Problem description
The listing below should be reproduced precisely, except for its images.

Given material
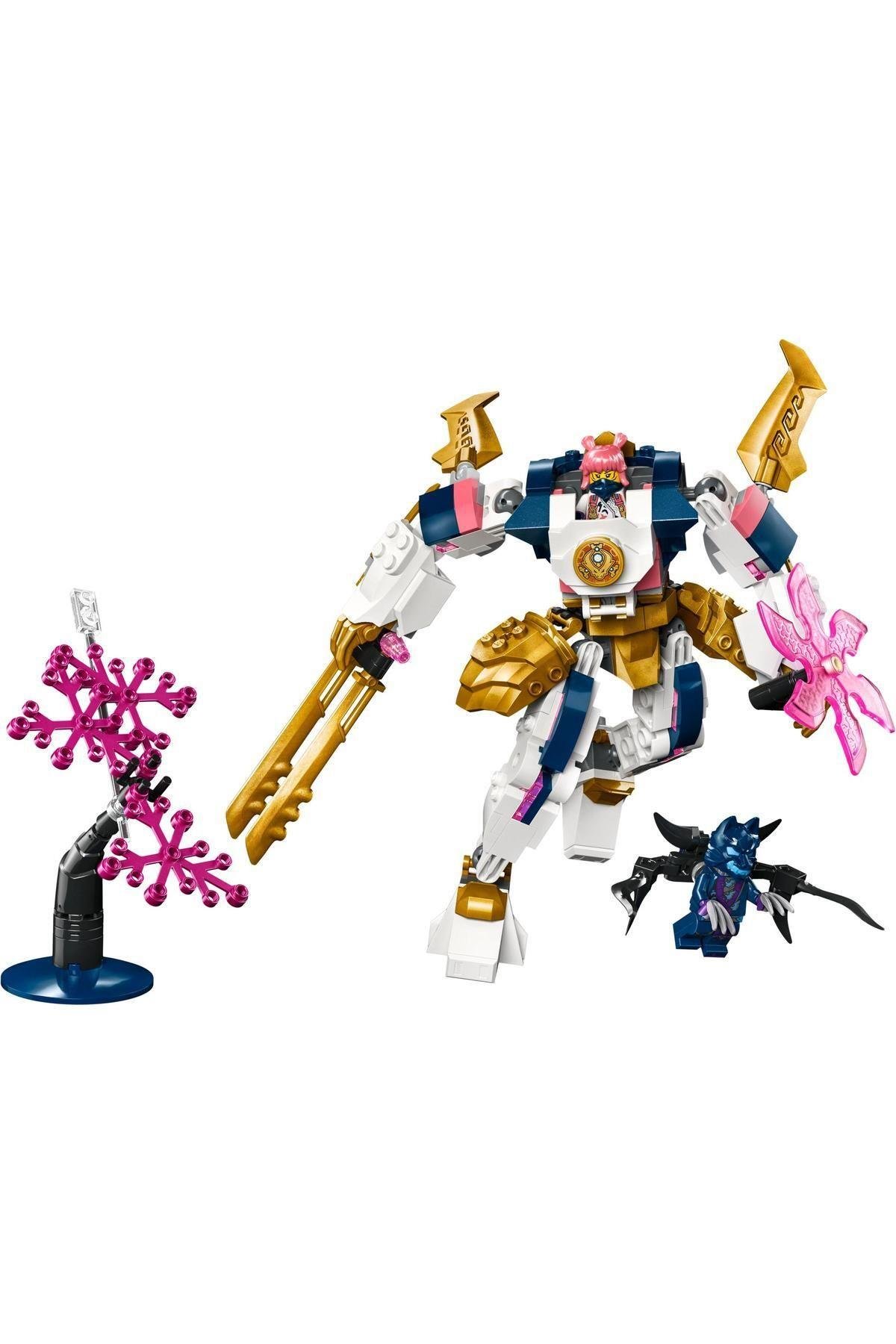 LEGO ® NINJAGO® Sora’nın Teknoloji Elementi Robotu Oyuncağı 71807 (209 Parça)-Lego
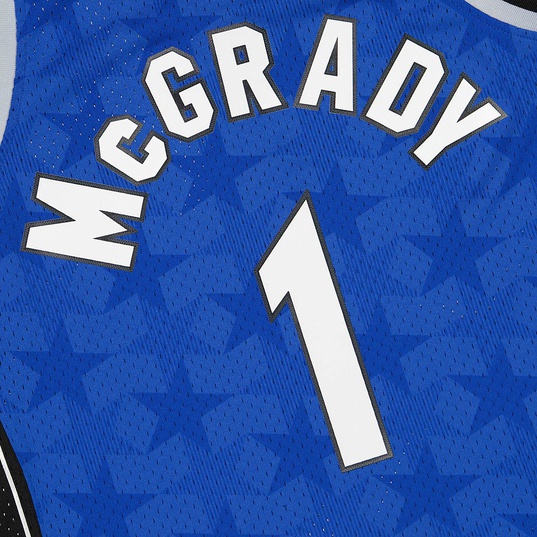 Vintage Nike NBA Orlando Magic Tracy McGrady 1 White Swingman Jersey Men's  2XL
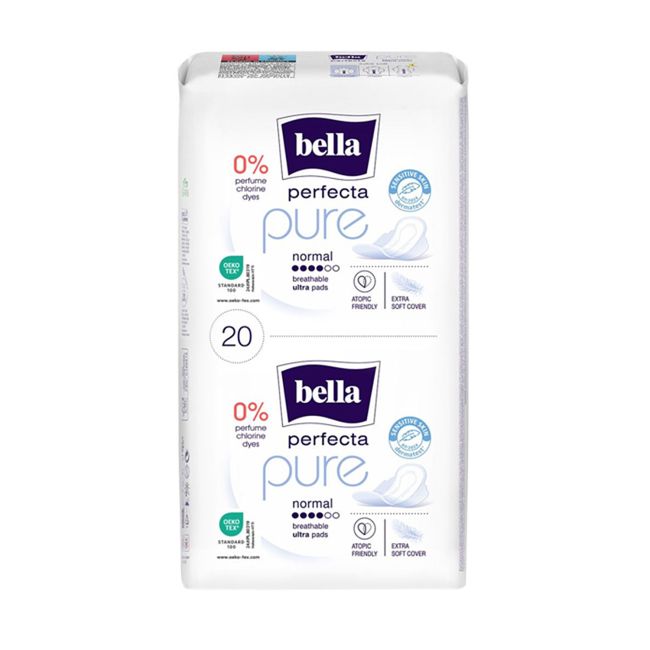 BELLA PERFECTA NORMAL higieniniai paketai (20 vnt.)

Task solution
 LEGO ® NINJAGO® Sora’nın Teknoloji Elementi Robotu Oyuncağı 71807 (209 Parça)-Lego
 Vintage Nike NBA Orlando Magic Tracy McGrady 1 White Swingman Jersey Men's  2XL
 BELLA PERFECTA NORMAL higieniniai paketai (20 vnt.)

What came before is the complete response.